The technology sector of the stock market has spent much of 2022 in bear territory, with many stocks down 20% or more since the beginning of the year. The Nasdaq-100 index, which is made up of 101 companies (most from the tech industry), provides a good indicator of how tech stocks are doing and it's down over 29.5% year to date.

Plenty of stocks in the index declined by significantly larger percentages, with several seeing their valuations slashed by half (or more). The challenge for investors is determining which tech growth stocks are attractive discounts poised to deliver long-term returns, and which are unlikely to recover to their previous highs. 

Share prices of Robinhood Markets (HOOD -5.42%) are down 85% from their all-time high, and the company's user base and revenue appear to be in structural decline. Peloton Interactive (PTON -4.57%) stock is down a whopping 95%, and its business is shrinking overall. Here's why neither stock represents a good value despite the steep losses. 

1. Robinhood's customers are less enthusiastic about investing

Robinhood made a name for itself as the stock-trading platform for Gen Z, a cohort of tech-savvy, curious young newcomers, most of whom were accessing the financial markets for the very first time. They entered the scene with a bang during the height of the pandemic in 2020 and 2021, triggering a media frenzy as they sent stocks like GameStop and AMC Entertainment Holdings soaring, despite questionable business fundamentals.

The enthusiasm for investing was fueled by stimulus dollars flowing freely from the U.S. government, and low interest rates that underpinned a roaring bullish sentiment in the broader stock market. But the tide has gone out on both those factors in 2022. After some of the most popular technology stocks stopped rising, many of these new investors appear to have exited the markets altogether.

Robinhood's business suffered immensely as a result. In the recent second quarter of 2022, the number of monthly active users on its platform dipped by 34% year over year to 14 million, and the average revenue Robinhood earned from each user also collapsed by 50% to just $56 over the same period. A shrinking customer base, and making less money off those customers who remain, is not a recipe for a successful business.

Perhaps most concerning is that Robinhood's assets under custody dropped to $64 billion, the lowest level since the end of 2020. Since the company earns revenue based on transaction volume, having less of a base from which to earn fees is a precursor to much lower revenue. 

The effects are already showing. Robinhood generated $1.81 billion in revenue in 2021, and analysts predict that could drop by as much as 24.7% this year to just $1.37 billion. While they expect the company will return to growth in 2023, it's probably too early to place any confidence in a resurgence given the uncertainty in the broader economy. 

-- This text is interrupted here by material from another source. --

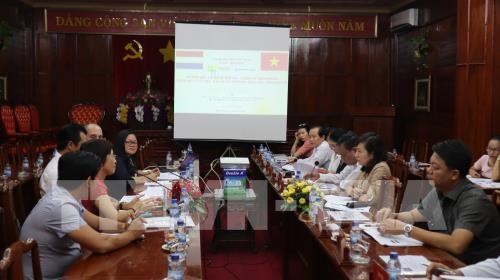 Netherlands eyes cashew industry in Binh Phuoc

2. Peloton's issues are mounting in this economy

Peloton makes at-home exercise equipment and its products exploded in popularity during pandemic-related lockdowns. Its flagship product, the Peloton Bike, features a digital screen that can deliver professional classes into the user's living room. The company just released a new rowing machine as it seeks to give its loyal customers more options, but with a hefty price tag of $3,195, the question is whether it will generate much demand in this tough economy. 

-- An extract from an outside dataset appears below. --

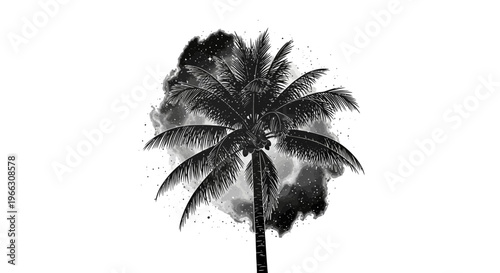 Black and white palm tree silhouette against a smoky abstract background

That could be a misstep that Peloton simply can't afford. The company lost $2.8 billion during fiscal 2022 (ended June 30) as it invested heavily in growth to follow up its massive fiscal 2021 when it generated a record $4 billion in revenue. The problem is, fiscal 2022 was far weaker than Peloton anticipated, with sales shrinking nearly 11% to $3.5 billion, resulting in that big bottom-line hit.

Now the company is left with just $1.2 billion in cash and equivalents, so another year like fiscal 2022 could be catastrophic. Management has been making drastic changes, including cuts to its workforce, unlocking new sales channels through the likes of Amazon and Dick's Sporting Goods, and exploring subscription-based pricing models for its equipment. It's going to take time for these initiatives to bear fruit, so investors should be cautious about showing any optimism in the short term. 

As COVID-19 vaccines rolled out, gyms progressively reopened and social restrictions were dropped, which sent demand for Peloton's at-home equipment plummeting. But it also led to a steep drop in engagement, with existing customers currently completing about 43% fewer monthly workouts on average than at the pandemic-era peak. 

Unfortunately, Peloton is a shrinking business, and it's unlikely to recover all of its 95% decline in share price, especially as analysts predict a further drop in revenue during fiscal 2023.